Time and time again, the characters are pulled away from the humor and levity in the script because of the trauma that they’ve experienced prior to the act.
The act is set around a campfire with realistic sound effects and a tent that’s enough to convince the audience that they’re in the woods. Staged on the rooftop patio of the McMullen Museum of Art, the first act makes the audience feel immersed in the post-apocalyptic world.
The following two acts continue to take the audience on a tour of the McMullen, as the show’s second act takes place inside the back gallery, and the third act is staged on the back patio outside.
In all settings, the lighting is critical to the plot.
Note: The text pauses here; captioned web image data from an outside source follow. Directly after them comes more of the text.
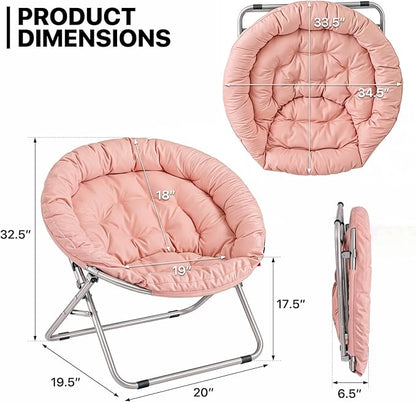 MoNiBloom Round Folding Saucer Chairs Set of 2 for Bedroom Living Room Dorm Foldable Metal Frame Comfy Soft Lounge Lazy Cozy Moon Chairs for Teens (Pink)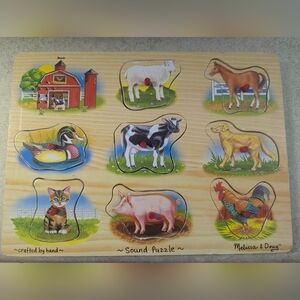 Melissa & Doug Farm Animal Sound Puzzle with Red and Yellow Accents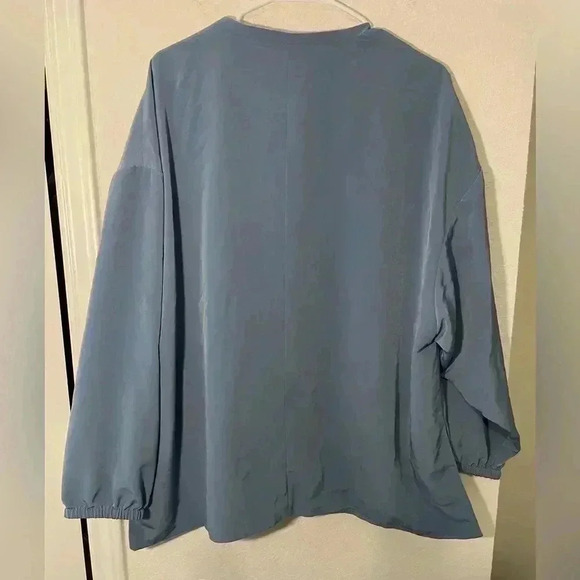 H by Halston Dusk Blue Oversized Full Zip Front Bomber Jacket Womens Size Large - Picture 9 of 10
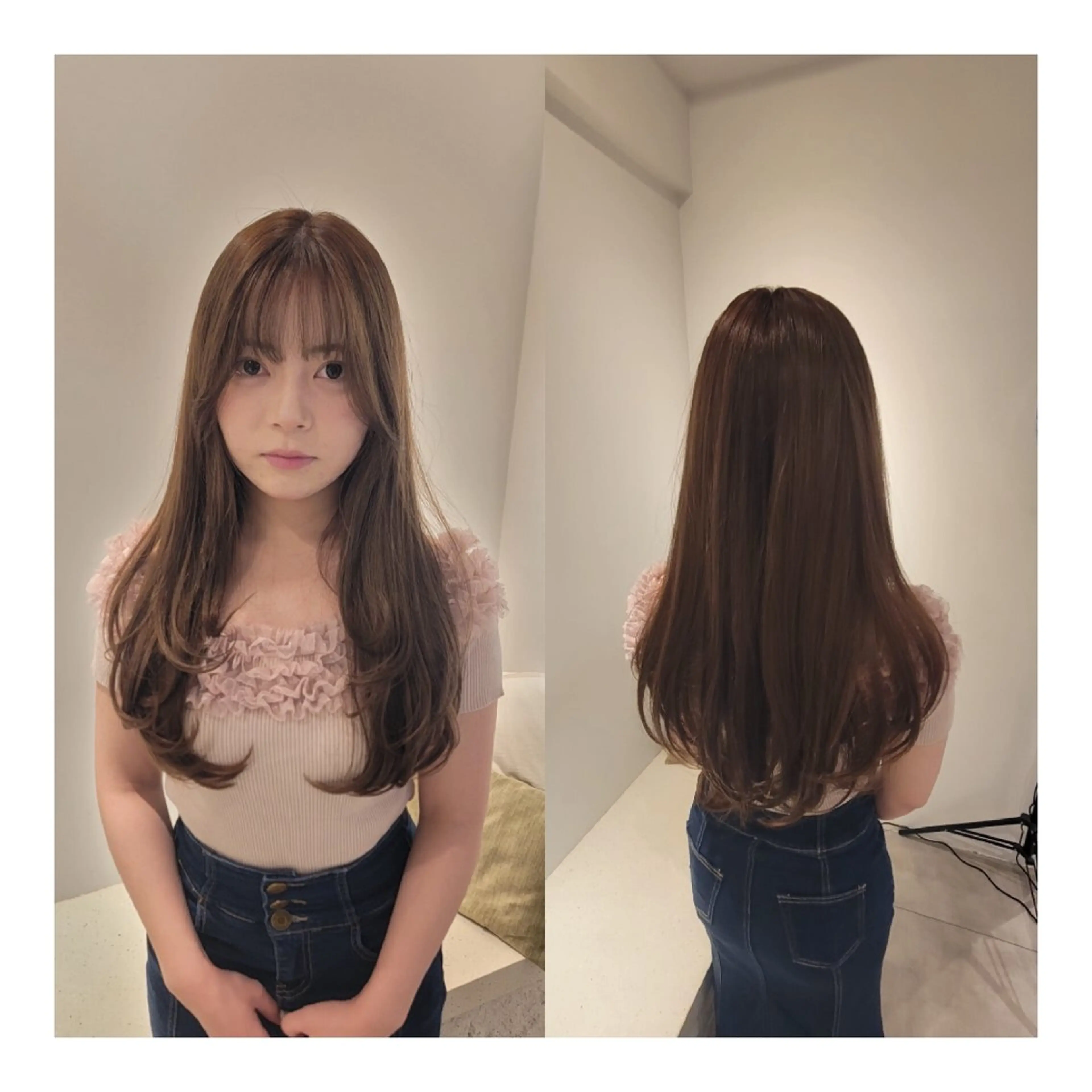 ロング カラー アッシュ 透明感カラー グレージュ ラベンダーカラー 小顔カット 矢沢 真のヘアスタイル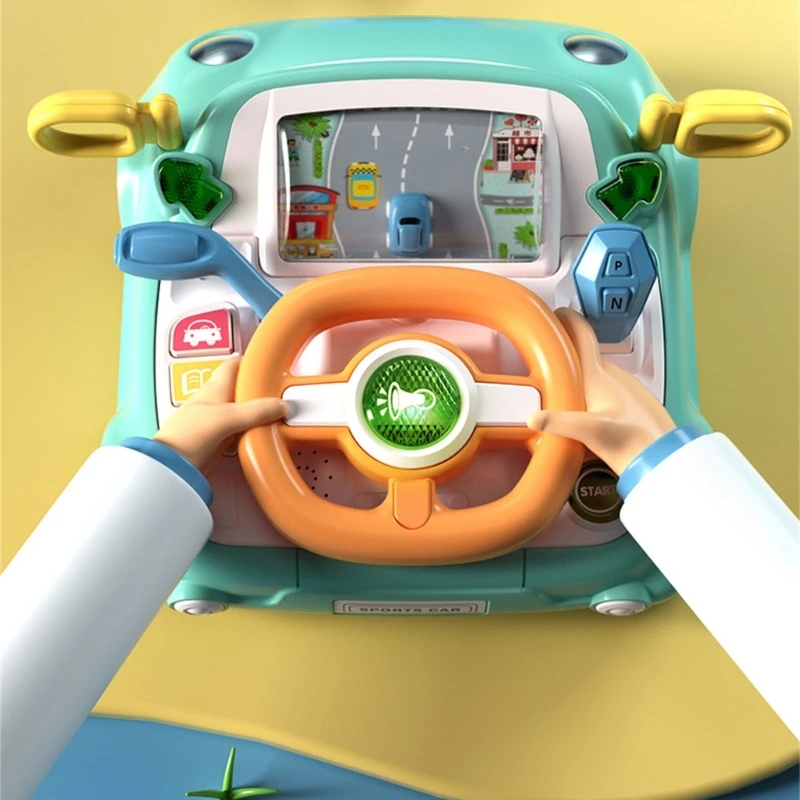 F19F Kids Learning Driving Toy Steering Wheel Pretend Play for Children Toddler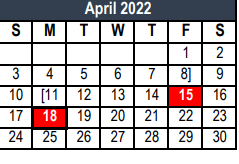 District School Academic Calendar for Transition Program for April 2022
Red tones light the room to indicate the presence of death, while brighter blues and yellows appear in scenes that are more lightheartedly comedic.
Act Two features the rag-tag group seven years later, as the group is now a family unit that puts on productions of The Simpsons for a living, but the characters ironically still have to deal with copyright infringement. In a world where society has collapsed, entertainment and creative disputes survive and endure.
The second act is at its best when the group puts on “commercials,” or little comedic gags with dance and song numbers. They’re trying to recreate actual television, after all, so the jokes and well-put-together jingles aren’t wasted on the audience. But, laughs aside, serious debates about the cutthroat evolution of the entertainment industry pull the characters away.
This act juxtaposes society’s greed with people’s common yearning to be entertained, which poses a question to the audience: Can society’s emotional weight drag down something as light and pointless as The Simpsons?
The third act picks up 75 years later with a final performance of the episode “Cape Feare.” This rendition of the episode is drastically different from the version in Acts One and Two. Elements of the nuclear fallout in Act One with the seriousness in Act Two come together to create a musical drama in which Bart Simpson engages in a fight for his life. Key plot points in the episode are altered to create a similar narrative with a wildly different outcome.
This last spectacle is no doubt entertaining. It comments on how the entertainment industry has taken real-life trauma and desensitized the audience to the actual experience, compacting it into a single episode of The Simpsons. In the play, the weight of society’s trauma seen in the first act contaminates this retelling of The Simpsons in a way that critically alters the material.
In Mr. Burns, a Post-Electric Play, art is a medium for the expression of pain and individuality that reflects the weight of society’s troubles. Mixed in with some irony and dark humor, the play nails down what it means to appreciate art and understand its true purpose.